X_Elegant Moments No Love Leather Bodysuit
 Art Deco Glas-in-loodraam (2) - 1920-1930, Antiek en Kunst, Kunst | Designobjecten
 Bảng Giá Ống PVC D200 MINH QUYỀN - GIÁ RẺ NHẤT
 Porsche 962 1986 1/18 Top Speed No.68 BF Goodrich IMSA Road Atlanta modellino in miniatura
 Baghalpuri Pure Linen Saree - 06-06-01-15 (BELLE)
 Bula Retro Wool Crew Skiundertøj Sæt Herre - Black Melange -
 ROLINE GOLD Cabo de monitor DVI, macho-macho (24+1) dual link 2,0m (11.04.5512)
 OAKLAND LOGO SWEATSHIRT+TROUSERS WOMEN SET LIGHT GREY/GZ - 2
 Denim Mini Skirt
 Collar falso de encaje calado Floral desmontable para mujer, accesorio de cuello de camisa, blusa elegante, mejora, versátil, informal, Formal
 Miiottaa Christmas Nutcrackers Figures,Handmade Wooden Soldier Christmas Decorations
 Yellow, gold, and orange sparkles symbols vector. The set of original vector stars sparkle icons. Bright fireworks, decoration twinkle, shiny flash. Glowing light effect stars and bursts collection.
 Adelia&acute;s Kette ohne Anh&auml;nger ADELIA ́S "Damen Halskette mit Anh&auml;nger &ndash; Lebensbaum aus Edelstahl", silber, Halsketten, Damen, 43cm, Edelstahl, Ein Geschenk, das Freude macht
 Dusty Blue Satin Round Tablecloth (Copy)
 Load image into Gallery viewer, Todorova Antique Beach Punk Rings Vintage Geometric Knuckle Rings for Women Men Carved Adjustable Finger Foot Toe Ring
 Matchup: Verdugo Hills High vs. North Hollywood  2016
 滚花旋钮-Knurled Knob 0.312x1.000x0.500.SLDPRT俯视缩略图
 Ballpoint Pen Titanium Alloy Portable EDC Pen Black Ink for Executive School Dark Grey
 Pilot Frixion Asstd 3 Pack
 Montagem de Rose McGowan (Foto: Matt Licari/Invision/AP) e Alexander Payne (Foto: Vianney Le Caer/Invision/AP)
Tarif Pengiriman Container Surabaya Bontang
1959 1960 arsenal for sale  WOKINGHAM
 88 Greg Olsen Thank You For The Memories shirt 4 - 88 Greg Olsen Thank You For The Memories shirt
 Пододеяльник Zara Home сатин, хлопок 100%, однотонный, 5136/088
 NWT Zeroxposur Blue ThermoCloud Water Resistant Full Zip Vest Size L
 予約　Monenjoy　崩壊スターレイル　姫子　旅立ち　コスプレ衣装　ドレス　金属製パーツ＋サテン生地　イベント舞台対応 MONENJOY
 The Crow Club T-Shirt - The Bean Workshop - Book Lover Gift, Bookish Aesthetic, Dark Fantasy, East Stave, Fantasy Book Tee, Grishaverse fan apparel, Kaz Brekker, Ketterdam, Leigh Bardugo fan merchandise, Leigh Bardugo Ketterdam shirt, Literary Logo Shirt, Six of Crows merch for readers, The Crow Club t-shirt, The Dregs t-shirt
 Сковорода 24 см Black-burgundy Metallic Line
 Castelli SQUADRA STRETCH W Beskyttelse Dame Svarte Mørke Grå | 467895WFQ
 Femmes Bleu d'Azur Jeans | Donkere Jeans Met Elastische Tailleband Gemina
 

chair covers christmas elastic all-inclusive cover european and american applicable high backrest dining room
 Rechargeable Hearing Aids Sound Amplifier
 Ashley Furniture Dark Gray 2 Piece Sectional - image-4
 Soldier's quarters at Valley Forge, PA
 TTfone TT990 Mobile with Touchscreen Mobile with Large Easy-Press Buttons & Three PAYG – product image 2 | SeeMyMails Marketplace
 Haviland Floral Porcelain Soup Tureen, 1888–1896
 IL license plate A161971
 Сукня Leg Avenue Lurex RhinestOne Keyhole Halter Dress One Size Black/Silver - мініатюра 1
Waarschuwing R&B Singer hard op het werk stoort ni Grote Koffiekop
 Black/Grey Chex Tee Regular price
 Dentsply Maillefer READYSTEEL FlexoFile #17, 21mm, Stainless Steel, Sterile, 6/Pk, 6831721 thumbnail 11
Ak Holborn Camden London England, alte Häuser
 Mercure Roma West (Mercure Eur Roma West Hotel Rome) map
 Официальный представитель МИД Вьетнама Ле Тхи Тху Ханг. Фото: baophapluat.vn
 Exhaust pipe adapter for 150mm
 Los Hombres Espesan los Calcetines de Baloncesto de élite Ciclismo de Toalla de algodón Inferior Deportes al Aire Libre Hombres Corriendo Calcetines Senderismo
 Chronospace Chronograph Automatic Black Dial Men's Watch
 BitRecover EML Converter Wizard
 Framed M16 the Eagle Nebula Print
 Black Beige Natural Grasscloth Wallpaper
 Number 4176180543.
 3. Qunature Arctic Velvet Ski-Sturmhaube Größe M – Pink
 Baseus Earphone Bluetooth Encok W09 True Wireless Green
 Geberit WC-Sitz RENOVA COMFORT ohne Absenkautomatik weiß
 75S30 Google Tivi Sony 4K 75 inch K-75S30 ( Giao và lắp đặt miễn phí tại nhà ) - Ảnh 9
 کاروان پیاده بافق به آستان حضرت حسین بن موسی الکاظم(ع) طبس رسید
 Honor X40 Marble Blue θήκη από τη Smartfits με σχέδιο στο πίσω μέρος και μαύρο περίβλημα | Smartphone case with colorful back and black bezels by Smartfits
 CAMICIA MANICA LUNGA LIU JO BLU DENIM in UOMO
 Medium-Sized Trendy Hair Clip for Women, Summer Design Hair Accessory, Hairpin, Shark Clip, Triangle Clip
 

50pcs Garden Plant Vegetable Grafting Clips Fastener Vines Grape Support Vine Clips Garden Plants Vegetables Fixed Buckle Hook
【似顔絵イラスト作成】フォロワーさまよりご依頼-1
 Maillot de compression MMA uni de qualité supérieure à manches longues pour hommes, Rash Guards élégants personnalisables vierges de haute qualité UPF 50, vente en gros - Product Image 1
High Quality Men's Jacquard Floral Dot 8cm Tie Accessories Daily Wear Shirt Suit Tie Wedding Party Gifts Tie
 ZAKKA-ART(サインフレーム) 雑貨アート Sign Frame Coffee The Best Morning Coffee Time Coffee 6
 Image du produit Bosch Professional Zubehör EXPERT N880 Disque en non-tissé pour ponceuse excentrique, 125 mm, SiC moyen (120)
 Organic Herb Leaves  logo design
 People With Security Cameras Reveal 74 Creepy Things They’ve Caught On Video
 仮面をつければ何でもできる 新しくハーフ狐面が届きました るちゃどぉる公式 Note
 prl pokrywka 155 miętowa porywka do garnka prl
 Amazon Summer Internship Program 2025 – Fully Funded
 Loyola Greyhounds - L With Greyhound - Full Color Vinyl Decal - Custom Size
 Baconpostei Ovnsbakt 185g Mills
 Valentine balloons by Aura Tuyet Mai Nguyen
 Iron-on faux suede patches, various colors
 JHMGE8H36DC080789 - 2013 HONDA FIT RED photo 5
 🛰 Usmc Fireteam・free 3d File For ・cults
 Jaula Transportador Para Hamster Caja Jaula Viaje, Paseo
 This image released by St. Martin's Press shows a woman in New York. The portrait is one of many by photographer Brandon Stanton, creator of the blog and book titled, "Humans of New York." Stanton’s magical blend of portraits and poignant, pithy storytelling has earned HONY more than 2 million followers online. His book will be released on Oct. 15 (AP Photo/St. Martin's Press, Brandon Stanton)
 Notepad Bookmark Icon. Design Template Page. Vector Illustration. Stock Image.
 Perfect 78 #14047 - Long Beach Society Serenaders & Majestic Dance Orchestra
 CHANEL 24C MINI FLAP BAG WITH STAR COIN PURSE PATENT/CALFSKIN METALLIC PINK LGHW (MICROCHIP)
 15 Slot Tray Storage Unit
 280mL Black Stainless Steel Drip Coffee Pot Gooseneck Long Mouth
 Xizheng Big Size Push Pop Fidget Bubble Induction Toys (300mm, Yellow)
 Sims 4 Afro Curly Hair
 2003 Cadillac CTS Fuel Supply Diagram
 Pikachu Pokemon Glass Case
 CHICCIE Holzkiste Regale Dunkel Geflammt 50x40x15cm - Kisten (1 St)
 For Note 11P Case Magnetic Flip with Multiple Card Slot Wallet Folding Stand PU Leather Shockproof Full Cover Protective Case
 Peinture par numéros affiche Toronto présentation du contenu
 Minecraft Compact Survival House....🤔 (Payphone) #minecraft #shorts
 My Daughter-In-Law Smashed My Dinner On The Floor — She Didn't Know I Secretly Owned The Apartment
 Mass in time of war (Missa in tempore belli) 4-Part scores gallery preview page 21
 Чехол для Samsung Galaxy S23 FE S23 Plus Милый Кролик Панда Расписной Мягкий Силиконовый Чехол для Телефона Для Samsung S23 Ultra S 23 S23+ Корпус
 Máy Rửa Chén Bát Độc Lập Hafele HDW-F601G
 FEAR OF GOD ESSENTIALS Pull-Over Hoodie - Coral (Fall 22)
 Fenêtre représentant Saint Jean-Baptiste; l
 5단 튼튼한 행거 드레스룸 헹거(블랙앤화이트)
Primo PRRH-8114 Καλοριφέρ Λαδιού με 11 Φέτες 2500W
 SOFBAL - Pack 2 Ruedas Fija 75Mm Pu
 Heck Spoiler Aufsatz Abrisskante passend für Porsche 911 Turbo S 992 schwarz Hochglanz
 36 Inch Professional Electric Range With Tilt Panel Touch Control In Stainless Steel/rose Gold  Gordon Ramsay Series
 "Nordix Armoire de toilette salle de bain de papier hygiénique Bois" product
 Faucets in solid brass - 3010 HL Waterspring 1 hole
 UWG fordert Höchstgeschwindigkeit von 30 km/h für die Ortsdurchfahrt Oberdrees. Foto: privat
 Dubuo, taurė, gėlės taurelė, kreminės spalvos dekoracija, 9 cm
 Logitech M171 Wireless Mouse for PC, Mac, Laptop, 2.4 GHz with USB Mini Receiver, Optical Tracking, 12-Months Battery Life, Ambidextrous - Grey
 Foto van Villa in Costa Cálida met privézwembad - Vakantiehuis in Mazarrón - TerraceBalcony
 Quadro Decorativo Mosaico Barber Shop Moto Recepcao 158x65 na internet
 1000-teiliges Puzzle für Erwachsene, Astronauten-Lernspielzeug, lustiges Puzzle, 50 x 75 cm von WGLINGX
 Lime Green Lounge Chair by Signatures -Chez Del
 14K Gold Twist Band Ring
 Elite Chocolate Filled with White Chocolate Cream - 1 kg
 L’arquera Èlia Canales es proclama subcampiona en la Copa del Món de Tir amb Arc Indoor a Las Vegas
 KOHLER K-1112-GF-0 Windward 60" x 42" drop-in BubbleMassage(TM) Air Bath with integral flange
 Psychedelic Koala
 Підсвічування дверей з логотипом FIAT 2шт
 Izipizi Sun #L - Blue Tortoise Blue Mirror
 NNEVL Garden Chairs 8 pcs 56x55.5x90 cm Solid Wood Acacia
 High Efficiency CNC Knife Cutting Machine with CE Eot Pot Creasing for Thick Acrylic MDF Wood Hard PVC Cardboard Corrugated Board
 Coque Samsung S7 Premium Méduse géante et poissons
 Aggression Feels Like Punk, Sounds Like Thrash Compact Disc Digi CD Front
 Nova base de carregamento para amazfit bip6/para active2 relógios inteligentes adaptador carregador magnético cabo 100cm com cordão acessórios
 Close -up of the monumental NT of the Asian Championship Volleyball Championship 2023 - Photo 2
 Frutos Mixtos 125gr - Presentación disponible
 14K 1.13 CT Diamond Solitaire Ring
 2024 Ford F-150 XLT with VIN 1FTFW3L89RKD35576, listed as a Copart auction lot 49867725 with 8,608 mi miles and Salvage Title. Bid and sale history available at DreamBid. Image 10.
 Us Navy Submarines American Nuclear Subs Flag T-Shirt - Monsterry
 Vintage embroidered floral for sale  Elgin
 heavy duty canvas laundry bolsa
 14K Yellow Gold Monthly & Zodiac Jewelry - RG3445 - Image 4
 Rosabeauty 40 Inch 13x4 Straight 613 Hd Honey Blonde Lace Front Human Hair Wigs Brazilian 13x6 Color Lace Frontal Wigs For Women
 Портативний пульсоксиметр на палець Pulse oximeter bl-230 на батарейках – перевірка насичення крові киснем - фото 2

####################

§ Task requirements
In the data above, start at the line that has "Faucets in solid", stop after the line that has "Dubuo, taurė, gėlės", and print every line in between exactly as it stands.

§ Your response
 Faucets in solid brass - 3010 HL Waterspring 1 hole
 UWG fordert Höchstgeschwindigkeit von 30 km/h für die Ortsdurchfahrt Oberdrees. Foto: privat
 Dubuo, taurė, gėlės taurelė, kreminės spalvos dekoracija, 9 cm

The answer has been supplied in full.